La sérénade du grand-père

   C’est une vieille histoire, que l’on m’a racontée il y a quelques temps, une de ces histoires qui provoquent tout d’abord une simple curiosité, mâtinée même d’un léger sourire un peu condescendant, ce sourire que l’on arbore face à des histoires dont on affirme, sans y croire réellement, qu’elles ne nous concernent pas.

   Le personnage principal est un grand-père, pour ainsi dire mon grand-père. Ce dernier, après une vie entière et relativement médiocre passée à ne pas aimer, me semblait parfaitement à sa place dans son rôle de grand-père. Il commençait à exister lorsque nous franchissions dans la voiture familiale le portail de sa petite maison, me procurait la quantité idoine de jouets et autres divertissements dont un petit-fils moyen a, semble-t-il, besoin pour être un petit-fils moyen, s’intéressait mollement à ma scolarité, et poussait la bonne volonté jusqu’à s’endormir lourdement devant la télévision pour provoquer mon amusement. Quant à ma grand-mère, femme assez sèche au demeurant, dont l’aspiration amoureuse s’était tout au long de son existence contractée dans la maigreur de sa poitrine, elle était pour moi, en toute innocence, une simple extension de sa cuisine, dans laquelle elle se tenait toute la journée, attendant on ne savait quoi. Elle n’en sortait en effet que rarement, éblouie alors par l’éclat du soleil et du monde, à peine discernable derrière le nuage gris des cigarettes Camel qu’elle consommait avec une régularité lente et un peu triste, en regardant au loin par la fenêtre. En bref, ces gens étaient dans mon esprit des grand-parents normaux, relativement enclins à me faire plaisir, vivant, dans leur monde médiocre, de petits plaisirs bien compréhensibles, au premier rang desquels figuraient le bridge et la messe du dimanche. À mesure que je me tournais moi-même vers des intérêts qui les concernaient de moins en moins, ils commencèrent à s’effacer tout doucement de mon existence, comme ces vieilles émissions de télévision dont on prend conscience, quelques années après leur disparition, qu’elles ont existé et nous ont même divertis. La mort de mon grand-père, on le devine, ne provoqua ainsi chez moi qu’une douleur assez relative, à mi-chemin entre la surprise d’apprendre qu’il vivait encore, et le rappel vaguement dérangeant que la fin concerne tout le monde, même les gens qui ne vivent déjà plus.

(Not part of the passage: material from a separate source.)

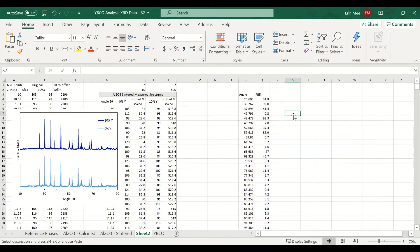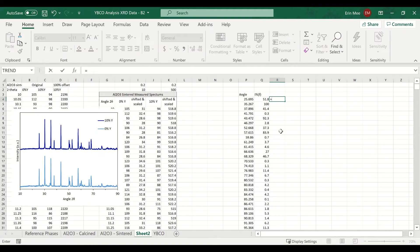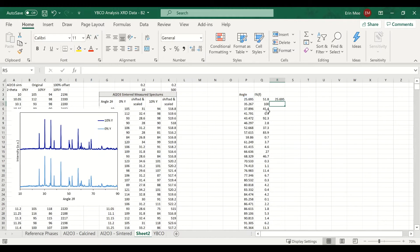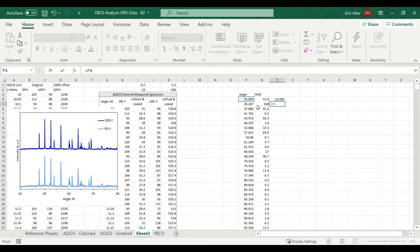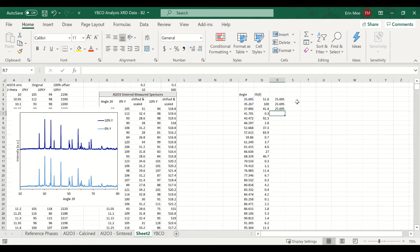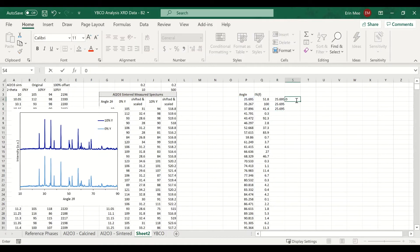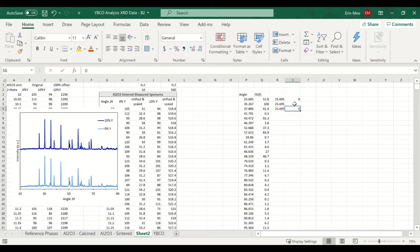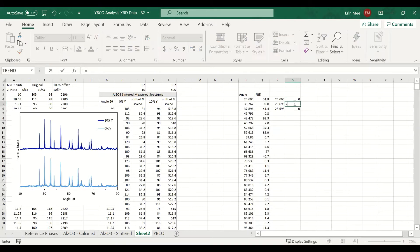To get the display we want, we need to have the angle values repeated three times. And for the intensity: zero for the first value, the actual intensity in the middle, and zero for the third value.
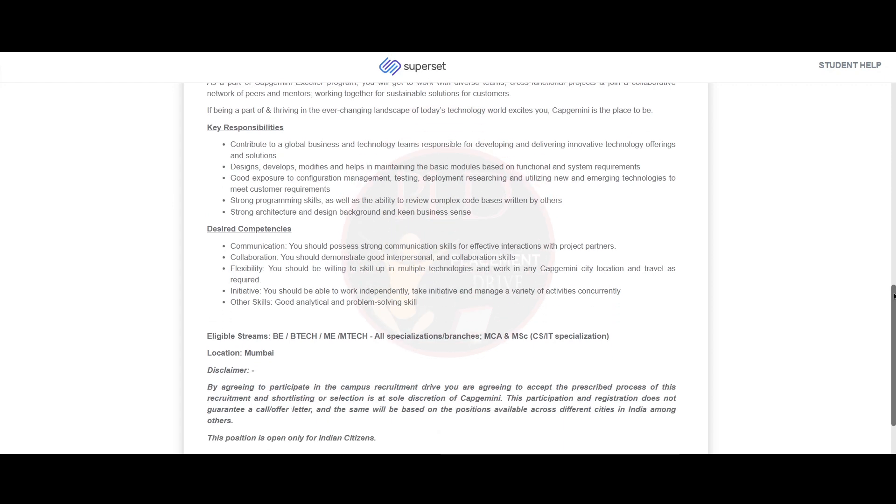You need to contribute to the global business and technology team responsible for developing and delivering innovative technology offerings and solutions. You should design, develop, modify, and help maintain the basic modules based on functional and system requirements.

   Et pourtant, quelques années plus tard, lors d’une de ces discussions familiales imprévisibles par les révélations occasionnelles qu’elles vous infligent sans même avoir l’urbanité de vous en avertir au préalable, j’appris que mon grand-père avait vécu une passion amoureuse tardive, mais manifestement, d’après les murmures mi-gênés, mi-rigolards, du chroniqueur de l’événement, violente.

   Le vieil homme, après avoir ingéré la soupe du soir, quittait la maison, discrètement, marchait longuement dans la nuit honteuse, et se postait, comme un dément, sous les fenêtres de sa belle. Ce grand-père, fatigué déjà par l’âge, ralenti par une vie entière de renoncements et de désamour, guettait des heures durant le moindre frémissement des rideaux, avec cette timidité et cette gêne extrêmes que ressentent les personnes âgées lorsqu’elles se trouvent dans un endroit non convenable. Drapé dans son manteau, debout dans le froid des nuits de la Moselle, il se confondait sans doute avec les ruines des hauts fourneaux éteints depuis des décennies et rongés par la végétation. Le manège s’est poursuivi quelques temps, avant d’être interrompu par la mort de l’un de ses protagonistes, je ne sais au juste lequel. Mon grand-père, en effet, mourut, avec ce secret au fond de son cœur un instant ressuscité, secret d’une passion absurde, inconvenante, incompréhensible pour quelqu’un qui a bien fait sa vie, et a mené sa famille sur la bonne route, la stable et bien goudronnée.

   Oui, malgré tout ce que je pensais, tout ce que j’imaginais, malgré mes gentilles railleries et ma gentille affection, cet homme avait aimé une dernière et peut-être unique fois, douloureusement, secrètement, alors que l’ordre du monde criait à son esprit affaibli de se courber sous le poids de son existence manquée, de se soumettre, enfin, à ce temps indifférent qui l’avait mené là, à quelques pas de cette fenêtre qui palpitait doucement. Alors, après toutes ces années de malentendus et de méprises, j’ai eu envie de pleurer la mort de cet homme inconnu qui n’avait pas renoncé.